The Odissi segment of Abhinaya Sudha series was like the dessert of the three-day dance festive fare. Sanchita Bhattacharya took the wind out of our sails with her enchanting performance. For those of us watching her for the first time, scepticism was replaced by surprise and then wonder and finally adoration and accolades. A deceptively stodgy figure got melted in the process of dance and all we could see was the beautiful, bends and sways of Odissi, something of a boneless wonder. Be it her sancharis or pure abhinaya or the postures and footwork, she was a live version of the replicas of dancing girls adorning the temples of Konark. The pre-recorded music was an excellent accompaniment that we hardly discerned that it was not live.

The Dasavatar of Bhakta Jayadeva, Sanchita enters with a rigorous footwork which in varied styles preceded each of the avatars. Though the meena, kurma, varaha, etc. were depicted with beautiful abhinaya, it was the Vamana and Rama avatars, that excelled. The third footstep that the Lord disguised as a Brahmin dwarf confronts the despot King Mahabali, was the highlight of this piece.
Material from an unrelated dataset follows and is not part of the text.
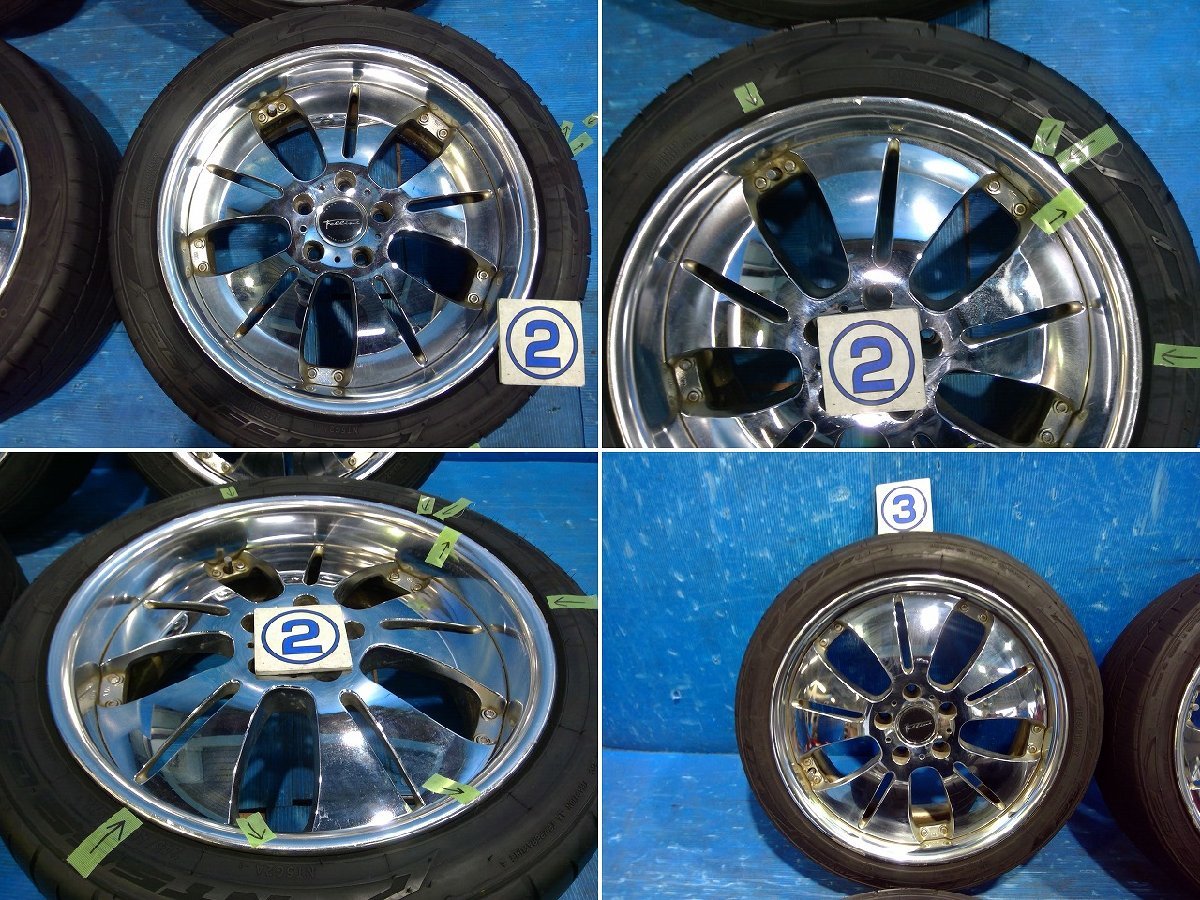 SSR FELLINI フェリーニ 18x7.5J/+48 18x8J/+37 5穴 PCD:114.3 メッキ アルミホイール 4本セット クラウンから外し_画像4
She went through the 10 avatars like a fish that swims across the ocean with ease.

Depicting the ‘Vatsalya bhava' (affection), the dancer launched into Braja ku chorao where she emulated the mother in Yashoda and the child in Krishna at the same time in ekaharya style. There is a theme to this piece: Yashoda is in the process of putting her dear child to sleep and Krishna like all little ones wants to keep wide awake. The various means that mothers adopt to lull the child into sleep like the mock threat that some demon would carry away babies who refuse to sleep; the closing of windows and doors to shut out light and create an illusion of darkness for the child to sleep; then rocking the cradle and singing a lullaby were depicted in detail with an abhinaya that transformed into the natural and real. Yashoda carrying her Krishna on the back was so lovingly depicted by Sanchita who dances with a stoop as if there is a child weighing down on her back and keeps darting glances over her shoulder lest he slips and falls. Kudos to the artiste who could delve into the deeper layers of emotive appeal with such charm and grace. Finally, we find her successfully putting her child to sleep in the cradle and tip-toeing out of the room and come back in a jiffy no sooner than she hears the audience' applause, just to tell us with her finger on her lips, not to disturb her sleeping child. This was the ultimate in abhinaya.

Ahey nilo saila was another striking piece of a different expression and Sanchita stole the show with this superb song that talks of Radha's state of bliss after her union with Lord Krishna. This highly erotic piece was handled with gracious dignity that neither dented the romantic aura nor allowed it to border on vulgarity. The artiste's abhinaya of Radha with her long tresses open and dancing about her neck, back and countenance, was portrayed with a perfection that we started getting illusions of black long hair of the dancer who had become Radha for a moment. Drawing a comparison to Radha's open hair to that of a peacock's tail, she strutted about the stage like a bird. The state of being of one (Radha) who has tasted the divine love in physical and mental aspect and is now yearning for total union with the Lord came out convincingly through Sanchita's dance and abhinaya. The fastening of Radha's waist belt by Krishna was shown in the tribhanga which looked fabulous.

Moksha the traditional conclusion of Odissi was like the diamond among the throne of gems. Extolling mother goddess Narayani in not less than six different postures to the sloka, Sanchita just took three verses from Durga Saptashati where she portrayed the mother of this universe as divine mother, a source of energy (Shakti) and a harbinger of peace (Shanti). Her figure swayed like a leaf when she moves over from one form to another making for the last statuesque depiction of the divine mother as embodiment of harmony.

Vidyadhari Deshpande did her abhinaya based on the idiom of Kathak. At no point of time, did she lose sight of her footwork, the essence of dance, in her attempt to give expression through mime alone. Though she did give us a glimpse of the facial and gestural abhinaya in Aise Shyam jagath hithkari, it was the expression through footwork that created ripples in her presentation. Her invocation of Mother Goddess through a series of bhol and echoing this through her feet and anklet bells was indeed captivating. The dances were hosted by Parampara dance and music forum at Lamakaan for two consecutive days.